» SUPPLIED INFORMATION:
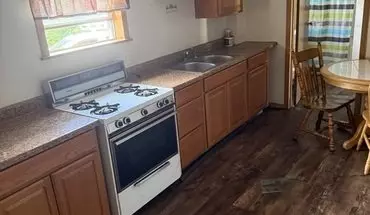 4 of 10 1915 2nd St Unit 1 House for rent in Moundsville, WV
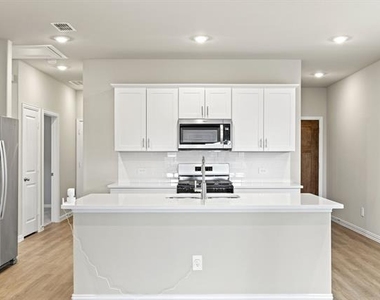 607 Clover Creek - Photo Thumbnail 3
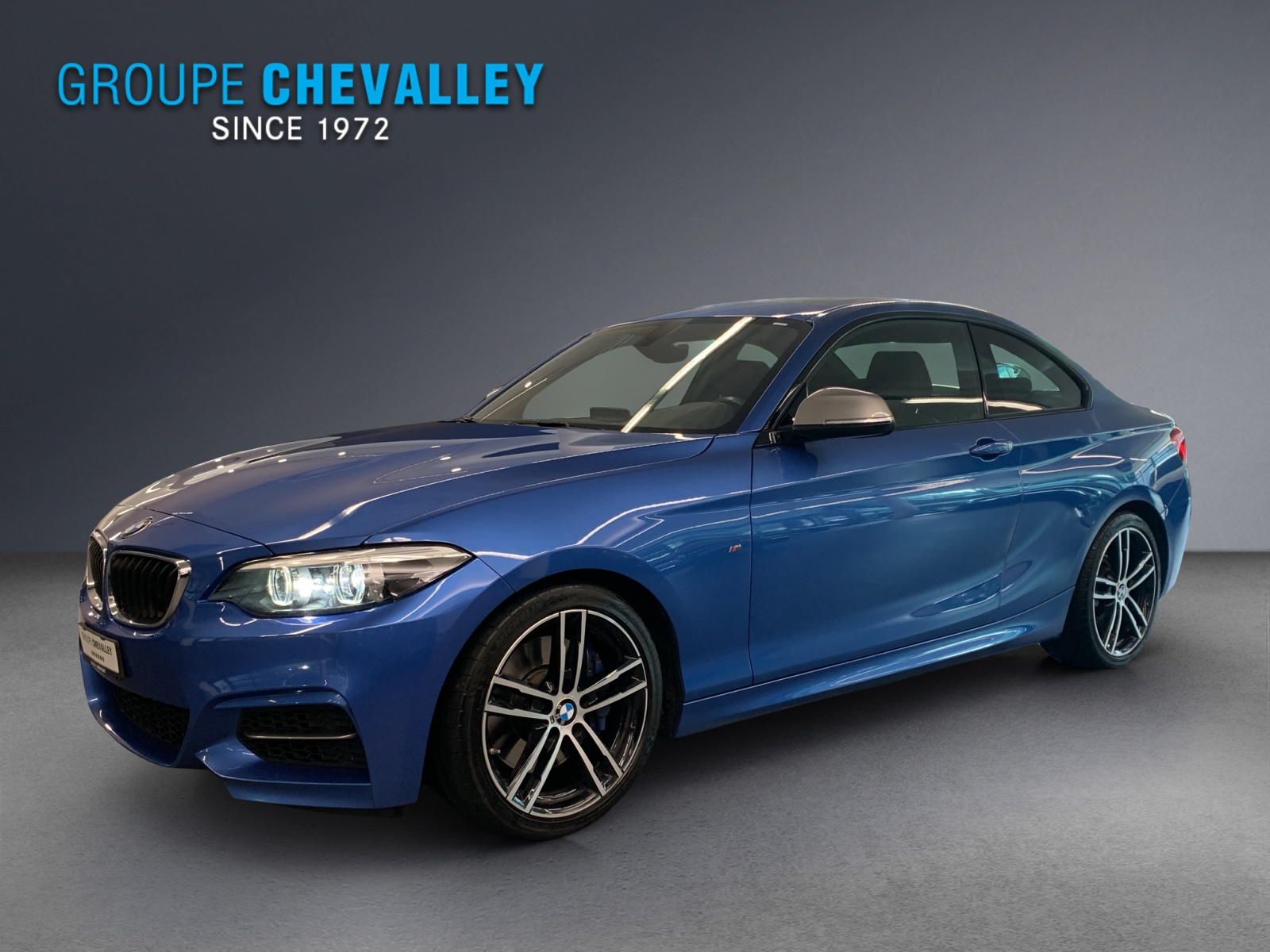 BMW M240i xDrive-image-0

» TASK BRIEF: With the pictures removed, return the full listing exactly as given.

» EXPECTED ANSWER:
 4 of 10 1915 2nd St Unit 1 House for rent in Moundsville, WV
 607 Clover Creek - Photo Thumbnail 3
 BMW M240i xDrive-image-0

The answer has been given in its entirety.